Setetes Air Mata Tobat
Oleh : Agus Nasir el-Bugizy


            Malam itu, aku berjalan menyusuri lorong gang-gang dan trotoar. Cahaya lampu yang remang-remang membuat aku leluasa berjalan dan terbebas dari incaran polisi. Setelah aku putus sekolah, pekerjaan ini telah menjadi hobi sehari-hariku, merampas, merampok, mencuri, memakai obat-obat terlarang, tawuran, dan sebagainya. Sudah menjadi ciri khasku disebuah trotoar daerah Nasr City, H10.
 Mungkin semua jenis kejahatan sudah pernah kulakukan bersama teman-temanku, kecuali memerkosa itu sih belum pernah kulakukan. Aku juga terkadang merasa heran kenapa kejahatan yang satu ini aku tidak berani melakukannya. Walaupun aku sering menjadi sasaran olok-olokan oleh teman-temanku.
"Ah…payah lo Mad, ! gak jantan…!" kata  teman-temanku dengan nada mengejek.
"Itu adalah surga dunia ", kata si Aiman dengan nada yang penuh semangat.  Seakan dengan sengaja memanas-manasiku.
"Hmm…jangan-jangan lo gak normal…". Timpal si Sayyid dengan nada mengejek.
Namun ucapan-ucapan itu aku anggap hanyalah sebagai angin lalu dan tetap terhadap pendirianku.


*****

Aku, Aiman, Sayyid, Mustafa, Abdu dan Mahmud. Adalah merupakan sebuah kelompok geng yang sering menjadi momok menakutkan bagi orang-orang yang melewati wilayah  kami di malam hari. Terutama bagi para mahasiswa asing dan pelajar yang berasal dari Asia. Suuk Sayyarat (Pasar Mobil), Jami, Saqar Quraisy adalah beberapa pangkalan yang sering menjadi lokasi operasi kami dimalam hari.
Sejak aku putus sekolah, hidupku sudah tak teratur lagi. Orang tua hanya sibuk dengan pekerjaan masing-masing. Tak pernah sedikitpun meluangkan waktunya untuk berbagi dengan anak-anaknya, aku rindu kasih sayang, dan belaian seorang Ibu dan Ayah. Namun semua itu tak pernah aku rasakan, kehidupan keluargaku hancur, kehidupan keluargaku terasa hampa, barada didalam rumah bagai berada di dalam sebuah penjara. Setiap hari yang terdengar hanyalah pertengkaran antara Ayah dan Ibu. Sejak kakak menikah dan ikut  suaminya ke Alexandria, perlakuan Ayah ke pada Ibu semakin kejam, Ibu pun tak pernah mau mengalah, aku hanya bisa menangis dan menangis tak tau mau berbuat apa, lari dari rumah…! Ah..pikiran itu terlintas dalam otakku…ya, mungkin itulah jalan satu-satunya untuk menghingdari rumah yang sudah tak layak di sebut sebagai "Rumahku syurgaku".
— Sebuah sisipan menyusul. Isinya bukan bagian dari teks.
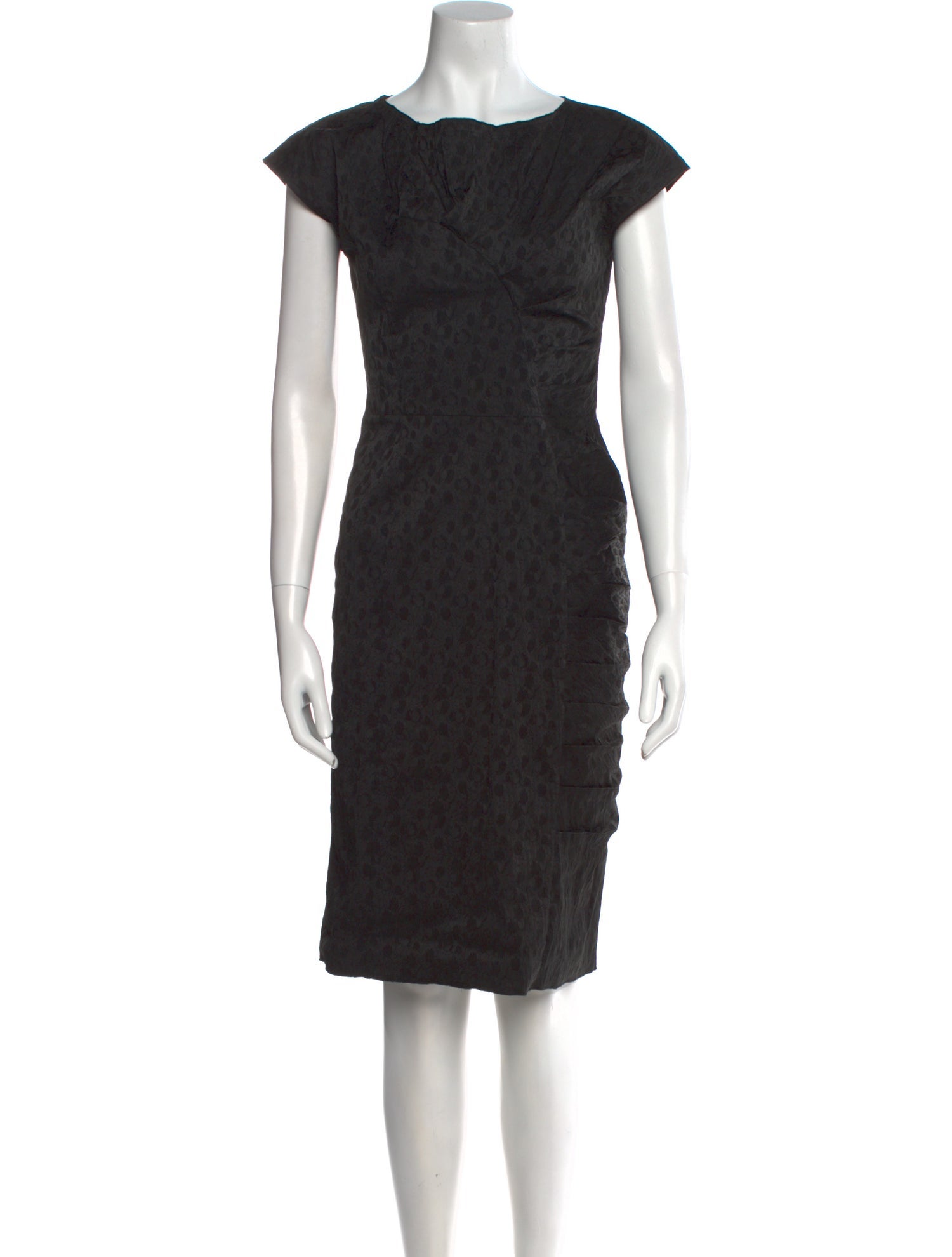 Nina Ricci Bateau Neckline Knee-Length Dress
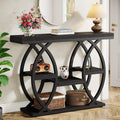Tribesigns 39.4" Console Table, 4-Tier Sofa Table, Accent Tables, Grey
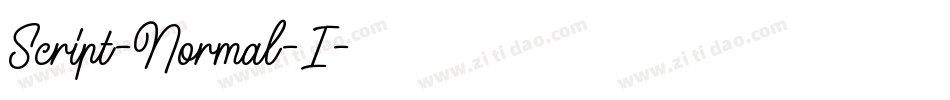 Script-Normal-I字体转换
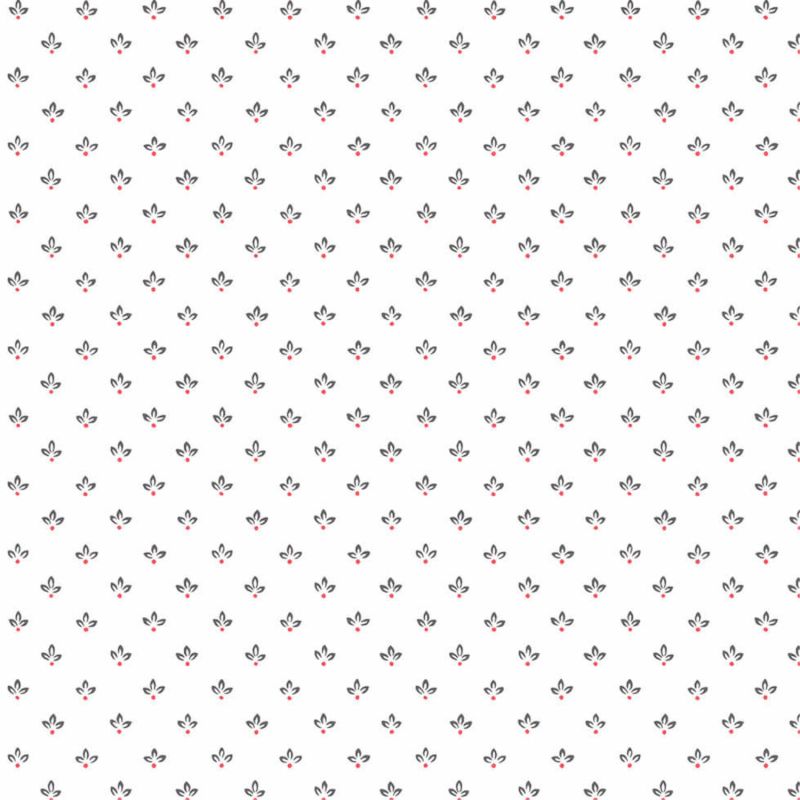 Papier Peint Trois Pétales gris poivre - CUISINE FRAICHEUR - LUTÈCE - G45461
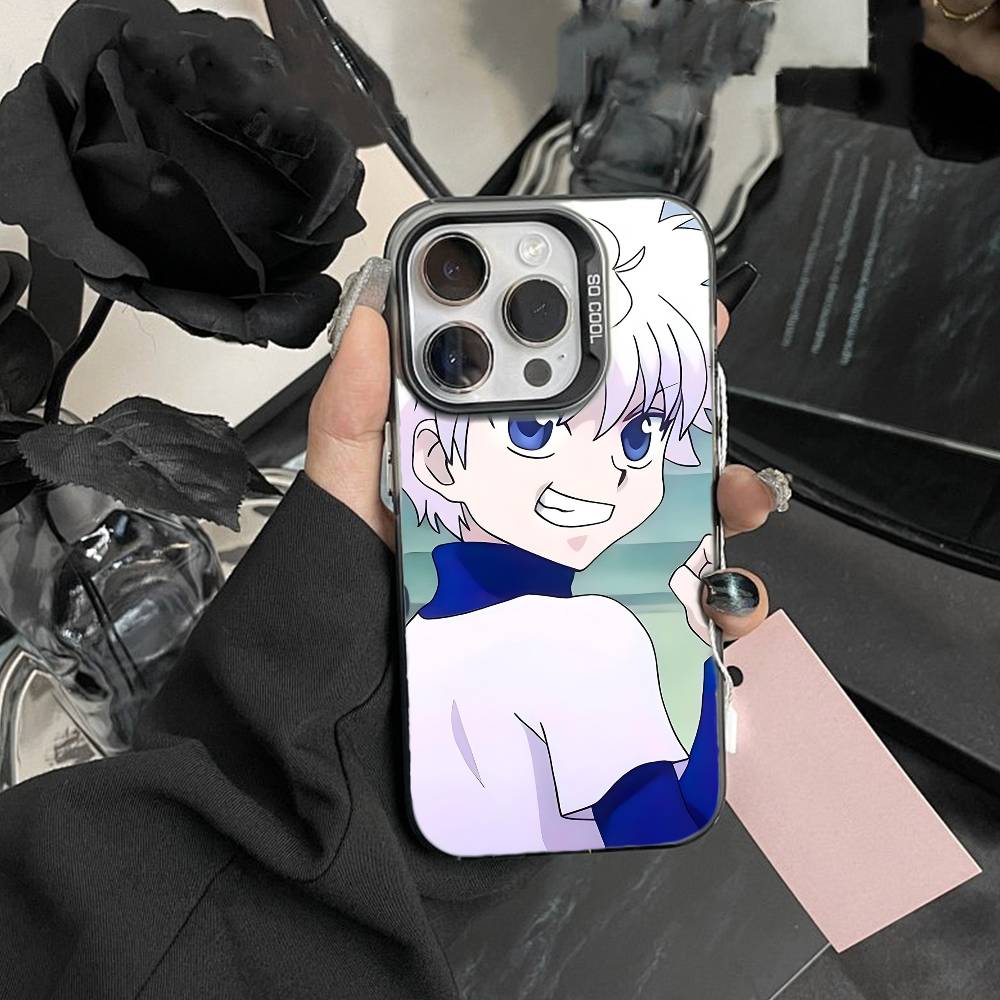 G-Killua Zoldyck K-Hunter X Hunter Phone Case For iPhone 17,16,15,14,13,12,Pro MAX Black Matte Shockproof Cover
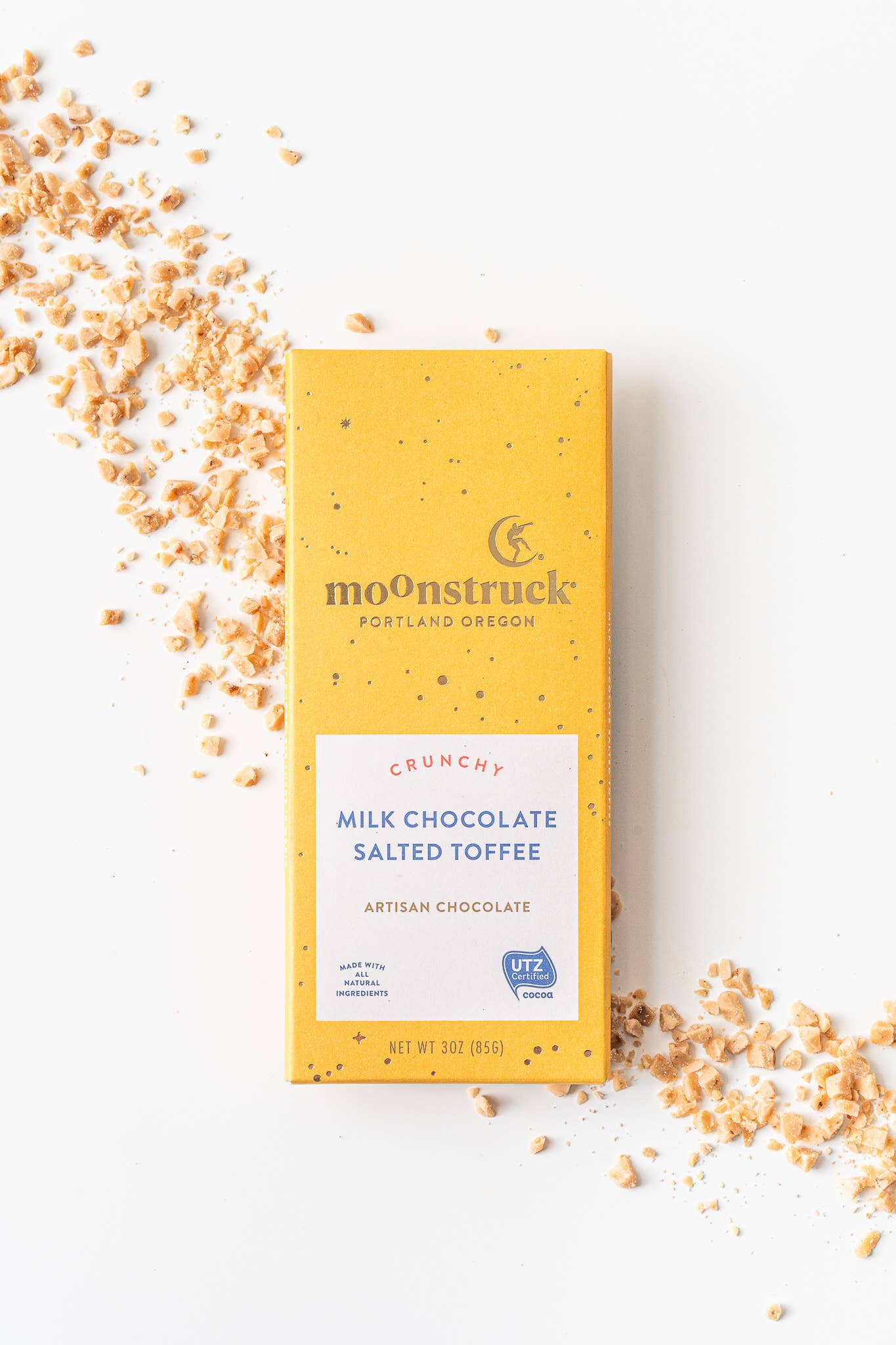 Crunchy Milk Salted Toffee Bar | Moonstruck Chocolate Co.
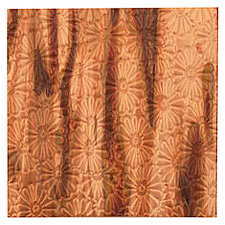 Lillypilly Enchantment Raised Flower Embossed Patina Copper Sheet 3"x3", 36 gauge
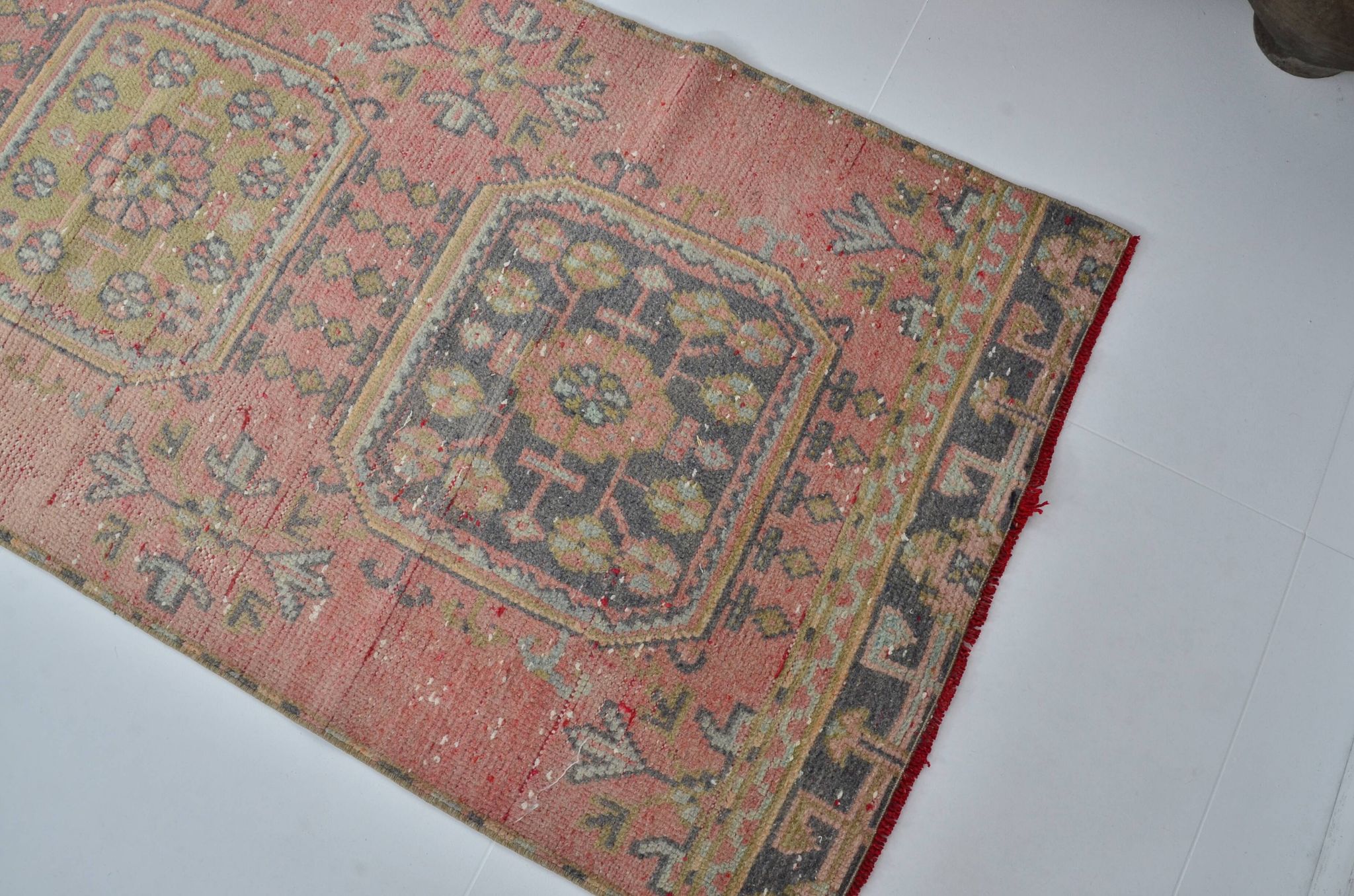 One A kind Oushak Vintage Runner sku 2133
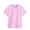 Pink, variant on Kiijoy Toddler Girls Short Sleeved Plain T Shirt Breathable Casual Solid T-Shirt,Black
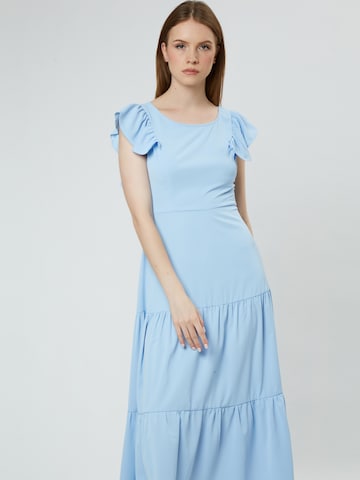 Influencer Jurk in Blauw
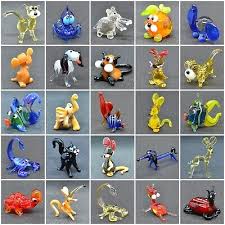 Tiny Glass Animals Figurines Set Of 50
            Sejak itulah,  aku putuskan untuk kabur dari rumah. Karena tak ada lagi tempat berteduh bagiku, aku pun bergabung dengan kelompok geng yang ada di kotaku, memulai sebuah kehidupan yang penuh dengan liku-liku kejahatan, kehidupan yang penuh dengan kesenangan tapi sebenarnya sangat menyiksa dirik. Ughh…! aku bosan dengan kehidupanku, kehidupan yang tak pernah membuat aku tenang, setiap saat menjadi incaran para polisi.

*****
           
            "Mad, malam ini lo mesti siap-siap !  ada tawaran yang menggiurkan, ada langganan yang mesan sebanyak 5 kilo Hasyis ( semacam obat terlarang ), aku terdiam sejenak, namun desakan dari teman-temanku tidak bisa aku tolak. Karena akulah yang menjadi kepercayaan meraka.
            "Yaa udah, Lokasinya dimana...", tanyaku kepada mereka.
            "Di Suuk Sayyarat", Jawab Aiman dengan nada yang serius.
Malam itu, kami langsung bergerak ketempat  perjanjian dengan dipimpin olehku.
“Mad, ntar lo aja yang transaksi ma mereka, biar kita-kita yang berjaga”, kata sayyid dengan nada yang penuh semangat. Aku hanya mengangguk menanggapi perkataan Sayyid. Jarum jam sudah menunjukkan pukul 02.00 malam, namun orang yang kami tunggu-tunggu juga belum datang.
“Jangan-jangan mereka menipu kita”, kata Mustafa dengan nada yang jengkel.
“Sabar dong, mereka pasti datang”, timpal si Abdu mencoba menenangkan pikiran si Mustafa. Memang, Mustafa merupakan orang yang paling gampang marah di antara kami, dia memiliki karakter yang tegas dan tidak suka dikhianati.
“Kalau mereka sampai nggak datang malam ini, akan kuhabisi meraka”, kata Mustafa yang mulai tidak sabar menunggu.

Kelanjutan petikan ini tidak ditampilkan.